Anfiarao condujo su carro a través del combate. Sabía que no podía escapar, y aun así resistió como un verdadero guerrero. Cuando los perseguidores se acercaron, Zeus hizo que la tierra se abriera. El carro, los caballos y Anfiarao se hundieron juntos en la grieta. El polvo volvió a cerrarse, y en el campo solo quedaron gritos de espanto. El adivino no cayó en un charco de sangre como los demás hombres: la tierra lo reclamó para sí.
Uno tras otro fueron cayendo los siete caudillos. Los estandartes argivos se desgarraron, y los gritos de asalto se convirtieron poco a poco en lamentos.
Al final, Eteocles y Polinices se encontraron ante la puerta.
Los dos llevaban armadura; los cascos les cubrían la frente, y los escudos les protegían el pecho. Pero, por más que estuvieran armados, cada uno reconocía aún la mirada del otro. De niños habían crecido en el mismo palacio; ahora se miraban a través de las lanzas.
Polinices dijo que venía a recuperar el trono que le pertenecía. Eteocles respondió que quien atacaba su patria con un ejército extranjero no merecía ser rey de Tebas. Ya no servía discutir. Los guerreros se apartaron y dejaron libre un espacio de tierra levantada por el polvo.
Los hermanos chocaron escudo contra escudo y lanzaron sus armas. Las puntas de bronce rasparon las superficies defensivas con un sonido áspero. Giraron uno alrededor del otro, buscando una abertura entre las piezas de la armadura. Eteocles fue herido primero, y la sangre le corrió bajo el bronce; Polinices tampoco escapó al contraataque. Finalmente, casi al mismo tiempo, cada uno hundió la lanza en el cuerpo del otro.
Cayeron sobre la misma tierra.
El trono de Tebas ya no pertenecía a ninguno de los dos hermanos. Polinices no consiguió entrar en la ciudad como rey, y Eteocles no pudo conservar por mucho tiempo el poder que defendía. El antiguo rencor de la casa de Edipo fue pagado ante aquella puerta con dos vidas, pero no quedó verdaderamente extinguido.
El ejército argivo fue derrotado.
De los siete caudillos, solo Adrasto sobrevivió. Su caballo divino, Arión, corría con una rapidez prodigiosa y lo sacó del campo de batalla en medio del desorden. Detrás quedaban los compañeros caídos, las ruedas rotas, las puertas recuperadas por los tebanos. Adrasto no se atrevió a mirar atrás durante mucho tiempo: dejó que el caballo lo llevara lejos.
Tebas había resistido. Pero dentro de la ciudad nadie pudo alegrarse por mucho tiempo, porque aquella victoria venía cargada de sangre.
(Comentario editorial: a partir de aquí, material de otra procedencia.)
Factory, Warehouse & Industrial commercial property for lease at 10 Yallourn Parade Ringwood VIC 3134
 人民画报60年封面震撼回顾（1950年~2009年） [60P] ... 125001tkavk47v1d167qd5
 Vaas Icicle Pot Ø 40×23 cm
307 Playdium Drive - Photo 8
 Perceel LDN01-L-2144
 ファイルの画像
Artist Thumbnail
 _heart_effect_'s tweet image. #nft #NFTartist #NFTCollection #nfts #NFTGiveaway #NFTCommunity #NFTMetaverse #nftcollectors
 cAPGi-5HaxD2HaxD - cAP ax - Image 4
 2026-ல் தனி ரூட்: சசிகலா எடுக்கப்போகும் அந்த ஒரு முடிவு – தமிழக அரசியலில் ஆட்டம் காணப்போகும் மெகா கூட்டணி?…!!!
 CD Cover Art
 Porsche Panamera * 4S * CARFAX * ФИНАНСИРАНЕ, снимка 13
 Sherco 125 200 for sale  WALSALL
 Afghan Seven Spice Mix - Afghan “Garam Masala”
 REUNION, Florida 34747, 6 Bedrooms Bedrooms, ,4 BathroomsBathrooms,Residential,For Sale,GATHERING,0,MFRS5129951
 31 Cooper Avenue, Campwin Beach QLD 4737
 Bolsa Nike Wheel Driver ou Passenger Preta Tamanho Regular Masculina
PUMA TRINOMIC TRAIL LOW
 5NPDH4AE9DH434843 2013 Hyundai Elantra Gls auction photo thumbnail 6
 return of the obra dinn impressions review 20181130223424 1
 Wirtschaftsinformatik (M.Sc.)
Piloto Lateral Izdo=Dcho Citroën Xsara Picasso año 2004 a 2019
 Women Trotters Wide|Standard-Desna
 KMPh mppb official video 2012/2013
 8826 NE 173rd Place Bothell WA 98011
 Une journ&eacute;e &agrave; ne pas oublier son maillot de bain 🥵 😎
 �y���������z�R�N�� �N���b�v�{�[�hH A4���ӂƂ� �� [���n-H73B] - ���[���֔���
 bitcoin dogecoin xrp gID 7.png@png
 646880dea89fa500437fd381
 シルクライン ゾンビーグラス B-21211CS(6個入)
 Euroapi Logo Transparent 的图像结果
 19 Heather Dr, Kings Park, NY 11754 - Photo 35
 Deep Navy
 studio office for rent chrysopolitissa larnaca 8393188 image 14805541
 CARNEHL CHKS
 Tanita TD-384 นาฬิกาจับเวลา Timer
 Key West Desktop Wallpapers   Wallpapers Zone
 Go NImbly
Eteocles había muerto, Polinices había muerto, y también muchos jóvenes defensores. Del palacio llegaban lamentos; el humo de los templos aún no se había disipado, y ya salía una nueva orden desde la casa real.
Creonte tomó el gobierno de Tebas. Mandó enterrar con honores a Eteocles, que había luchado por la ciudad, pero prohibió dar sepultura a Polinices, que había traído un ejército contra ella. Su cadáver debía quedar fuera de las murallas, expuesto a las aves y a las fieras. Para los tebanos, aquello era el castigo de un traidor; para Antígona, hija de Edipo, seguía siendo su hermano.
Así terminó la expedición de los Siete contra Tebas. Los héroes de Argos no conquistaron la ciudad, y Tebas tampoco encontró sosiego en su triunfo. Las siete puertas continuaron en pie, con marcas de hierro sobre las piedras, mientras la tierra de afuera absorbía la sangre de los dos hermanos y de muchos héroes. Más tarde, cuando se recordaba aquella campaña, siempre volvía la misma terrible conclusión: siete caudillos llegaron ante las murallas, y solo Adrasto regresó con vida.